Task details:
From the entries below, return exactly the lines beginning at the one that contains "Extra High-Waisted Pleated" and ending at the one that contains "Pampers 11-18kg Active", both of them included, and only those lines.

START Records shown

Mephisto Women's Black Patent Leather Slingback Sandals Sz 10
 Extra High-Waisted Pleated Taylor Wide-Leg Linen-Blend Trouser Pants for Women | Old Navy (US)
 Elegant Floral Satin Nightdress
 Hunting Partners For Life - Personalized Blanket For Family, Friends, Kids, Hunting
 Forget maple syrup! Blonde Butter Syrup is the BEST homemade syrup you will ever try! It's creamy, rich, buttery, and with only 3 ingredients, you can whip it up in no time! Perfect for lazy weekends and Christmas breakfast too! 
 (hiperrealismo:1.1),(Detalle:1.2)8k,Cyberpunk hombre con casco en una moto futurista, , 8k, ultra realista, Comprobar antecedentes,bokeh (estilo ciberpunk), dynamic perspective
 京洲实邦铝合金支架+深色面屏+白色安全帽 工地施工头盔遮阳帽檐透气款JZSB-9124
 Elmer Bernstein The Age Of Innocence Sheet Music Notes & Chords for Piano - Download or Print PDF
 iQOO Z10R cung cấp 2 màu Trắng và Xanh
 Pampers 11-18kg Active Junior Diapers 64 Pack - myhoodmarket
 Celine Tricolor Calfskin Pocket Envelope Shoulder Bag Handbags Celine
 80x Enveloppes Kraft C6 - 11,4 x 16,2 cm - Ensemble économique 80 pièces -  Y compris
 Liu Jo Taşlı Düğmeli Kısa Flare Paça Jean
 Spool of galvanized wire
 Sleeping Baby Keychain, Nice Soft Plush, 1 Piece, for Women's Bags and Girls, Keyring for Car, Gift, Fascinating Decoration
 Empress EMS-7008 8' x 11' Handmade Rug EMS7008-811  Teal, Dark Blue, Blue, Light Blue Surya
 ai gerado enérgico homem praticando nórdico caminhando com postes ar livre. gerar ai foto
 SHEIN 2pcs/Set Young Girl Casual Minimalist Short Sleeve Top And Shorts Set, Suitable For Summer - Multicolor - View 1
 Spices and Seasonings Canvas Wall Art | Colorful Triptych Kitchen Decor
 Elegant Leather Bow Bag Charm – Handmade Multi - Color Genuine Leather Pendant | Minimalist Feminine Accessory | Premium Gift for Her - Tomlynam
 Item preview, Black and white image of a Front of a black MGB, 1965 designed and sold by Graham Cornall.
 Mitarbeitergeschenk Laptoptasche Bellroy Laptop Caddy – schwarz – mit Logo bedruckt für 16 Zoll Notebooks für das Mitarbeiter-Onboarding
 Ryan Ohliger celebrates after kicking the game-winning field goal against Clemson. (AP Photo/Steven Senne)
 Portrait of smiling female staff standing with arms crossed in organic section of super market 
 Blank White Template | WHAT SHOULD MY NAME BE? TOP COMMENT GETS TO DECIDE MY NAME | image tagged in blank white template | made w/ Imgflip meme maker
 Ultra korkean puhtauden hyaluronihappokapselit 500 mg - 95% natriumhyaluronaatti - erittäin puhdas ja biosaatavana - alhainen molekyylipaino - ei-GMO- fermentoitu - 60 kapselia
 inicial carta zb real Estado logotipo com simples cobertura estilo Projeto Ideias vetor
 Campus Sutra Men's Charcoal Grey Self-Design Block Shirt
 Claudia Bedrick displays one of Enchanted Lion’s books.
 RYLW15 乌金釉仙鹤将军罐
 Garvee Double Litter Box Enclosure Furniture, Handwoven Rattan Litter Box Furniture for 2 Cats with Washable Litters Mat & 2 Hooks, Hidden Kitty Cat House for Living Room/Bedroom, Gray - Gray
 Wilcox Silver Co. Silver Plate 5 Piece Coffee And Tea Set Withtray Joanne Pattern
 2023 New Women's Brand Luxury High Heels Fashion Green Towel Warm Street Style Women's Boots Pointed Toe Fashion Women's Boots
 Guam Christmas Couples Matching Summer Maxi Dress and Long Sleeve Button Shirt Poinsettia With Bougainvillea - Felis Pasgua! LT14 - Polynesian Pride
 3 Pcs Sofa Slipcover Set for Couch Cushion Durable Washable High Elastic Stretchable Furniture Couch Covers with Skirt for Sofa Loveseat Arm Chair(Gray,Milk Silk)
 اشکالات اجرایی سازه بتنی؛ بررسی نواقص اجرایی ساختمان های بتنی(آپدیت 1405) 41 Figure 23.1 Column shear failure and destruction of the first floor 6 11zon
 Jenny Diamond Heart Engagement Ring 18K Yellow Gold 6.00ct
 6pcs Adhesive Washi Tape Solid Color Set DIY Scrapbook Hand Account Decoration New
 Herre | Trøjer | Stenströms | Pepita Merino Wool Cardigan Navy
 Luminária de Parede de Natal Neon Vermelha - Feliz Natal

END Records shown

Exercise result:
 Extra High-Waisted Pleated Taylor Wide-Leg Linen-Blend Trouser Pants for Women | Old Navy (US)
 Elegant Floral Satin Nightdress
 Hunting Partners For Life - Personalized Blanket For Family, Friends, Kids, Hunting
 Forget maple syrup! Blonde Butter Syrup is the BEST homemade syrup you will ever try! It's creamy, rich, buttery, and with only 3 ingredients, you can whip it up in no time! Perfect for lazy weekends and Christmas breakfast too! 
 (hiperrealismo:1.1),(Detalle:1.2)8k,Cyberpunk hombre con casco en una moto futurista, , 8k, ultra realista, Comprobar antecedentes,bokeh (estilo ciberpunk), dynamic perspective
 京洲实邦铝合金支架+深色面屏+白色安全帽 工地施工头盔遮阳帽檐透气款JZSB-9124
 Elmer Bernstein The Age Of Innocence Sheet Music Notes & Chords for Piano - Download or Print PDF
 iQOO Z10R cung cấp 2 màu Trắng và Xanh
 Pampers 11-18kg Active Junior Diapers 64 Pack - myhoodmarket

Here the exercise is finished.